Munch Wenlock, à l'ouest-sud-ouest de Lichfield, proche du pays de Galles,

Alors que les prémices de l'aube automnale s'amorçaient à l'horizon, irisant le ciel de teintes rose orangé, les habitants de la bourgade s'apprêtaient à débuter leur journée de labeur, mais avant, la cloche de l'église tinta pour annoncer qu'ils devaient assister à la messe.

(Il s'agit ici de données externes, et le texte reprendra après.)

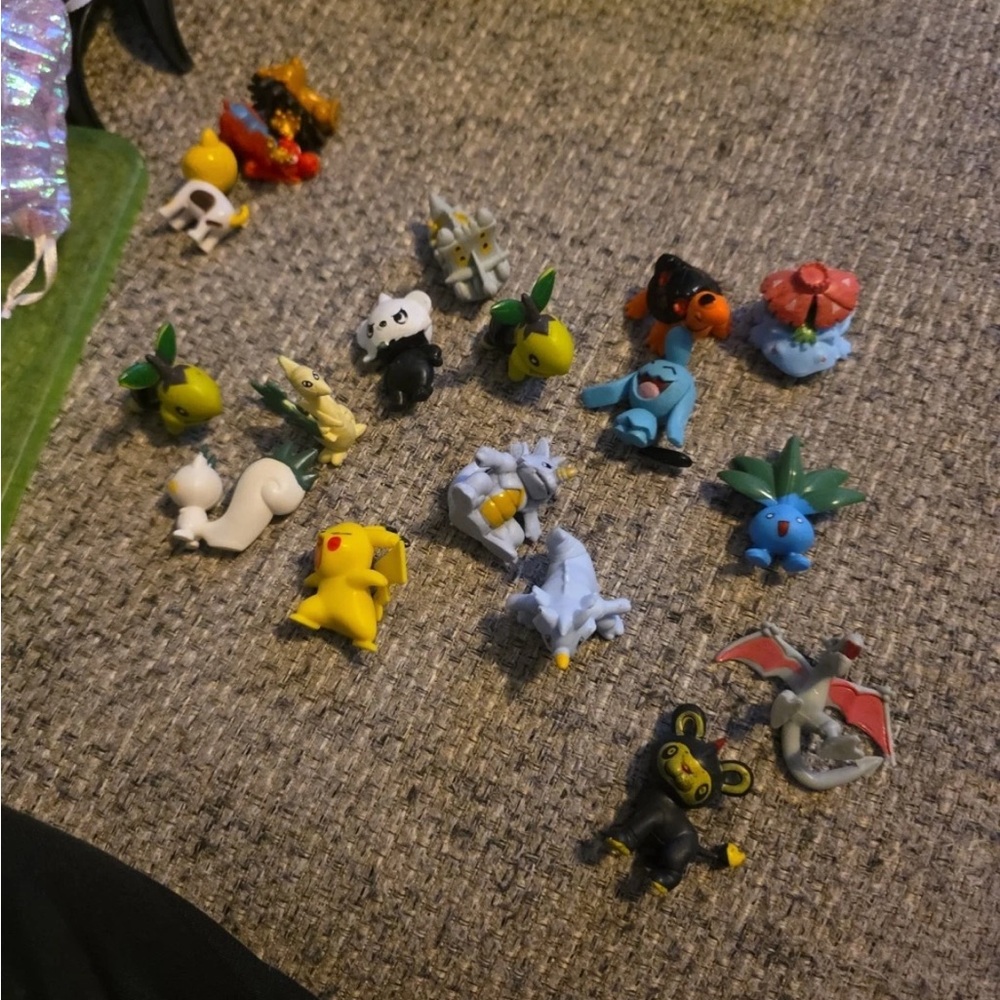 Lot Of Vintage RL Pokémon Figures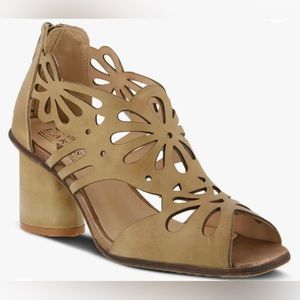 Spring Step L'Artiste Women's Flamenco Sandal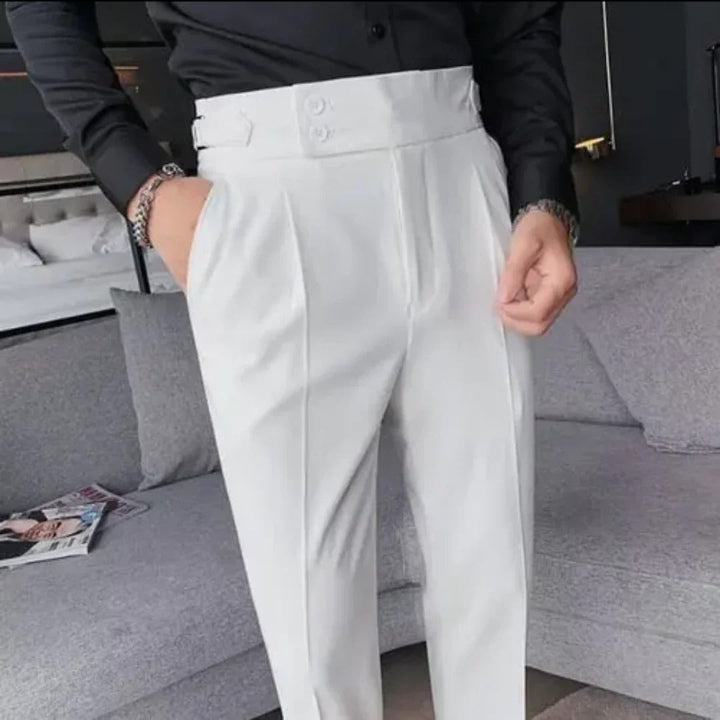 Pantalon chic ajusté pour homme en tissu extensible marron, parfait pour un style élégant et confortable.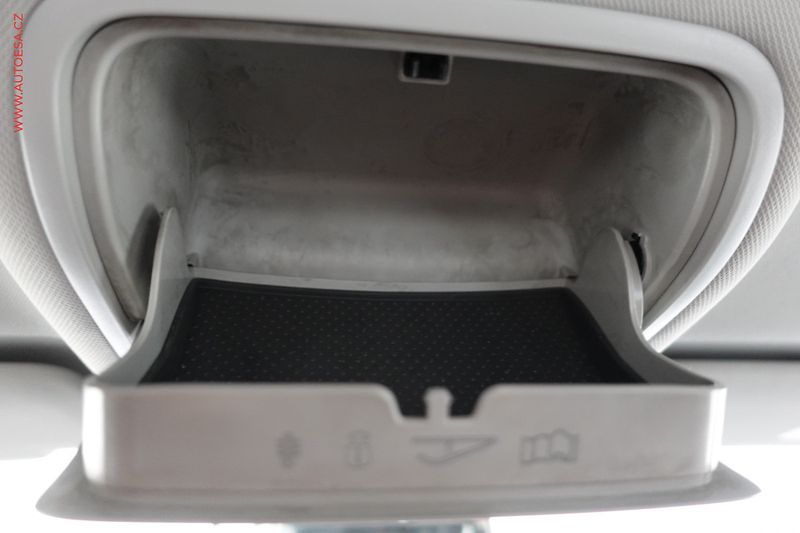 Škoda Octavia (2015) 1.4 TSi, 1.maj,ČR, Fresh, DSG - fotka 22 z 24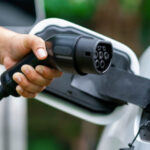 ev-charging-alert:-भारत-के-45%-घर-इलेक्ट्रिक-कार-चार्जिंग-के-लिए-अनफिट,-लापरवाही-से-लग-सकती-है-आग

Les Danois du clan du jarl Joar le Valeureux, aux visages peints, profitèrent du fait qu'ils soient tous regroupés au même endroit pour investir la petite ville.

Le jarl ouvrit les portes en grand, interrompant le chant religieux, amusé de voir le prêtre derrière l'autel où trônaient calice et grande croix sur pied en or sertie de pierres précieuses. Le moment de surprise fut suivi par un hoquet général de peur quand les petites portes latérales furent ouvertes et que les Danois entrèrent en nombre, alors que Joar le Valeureux marchait d'un pas assuré de la nef vers le chœur, suivi par son fils et sa fille.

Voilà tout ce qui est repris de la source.